Meldin Drešković

Personal information
- Date of birth: 26 March 1998 (age 28)
- Place of birth: Plav, FR Yugoslavia
- Height: 1.91 m (6 ft 3 in)
- Position: Central defender

Team information
- Current team: Darmstadt 98
- Number: 14

Senior career*
- Years: Team / Apps / (Gls)
- 2014–2021: Jezero / 157 / (7)
- 2016–2017: → Jedinstvo Bijelo Polje (loan) / 4 / (0)
- 2018–2019: → Podgorica (loan) / 23 / (0)
- 2021–2022: Sutjeska Nikšić / 33 / (2)
- 2022–2025: Debrecen / 63 / (5)
- 2025–: Darmstadt 98 / 2 / (0)
- 2025–: Darmstadt 98 II / 1 / (0)
- 2026: → Nyíregyháza (loan) / 14 / (1)

International career^{‡}
- 2022–: Montenegro / 3 / (0)

= Meldin Drešković =

Montenegrin footballer

Meldin Drešković (born 26 March 1998) is a Montenegrin professional footballer who plays as a centre-back for German club Darmstadt 98.

==Club career==
On 26 May 2022, Drešković moved to Debrecen in Hungary.

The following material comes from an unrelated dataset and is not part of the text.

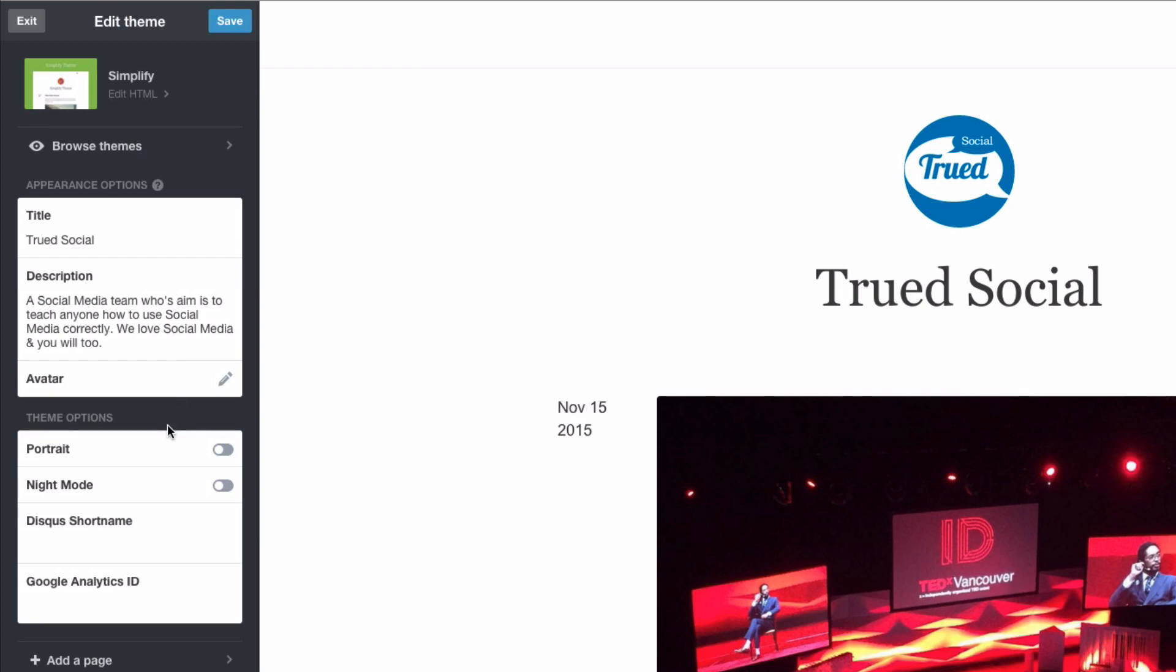I don't have as many settings as I did in my previous theme which is okay. What I'm trying to say is every theme has different appearance options and different theme options. So go through your theme, find one you want and then work through those theme and appearance options.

Drešković transferred to 2. Bundesliga club Darmstadt 98 on 3 February 2025. The length of his contract was not disclosed. On 9 January 2026, he returned to Hungary and joined Nyíregyháza until the end of the season.

==International career==
On 28 March 2022, Drešković made his international debut for Montenegro in an exhibition match against Greece which ended in a 1–0 win for Montenegro.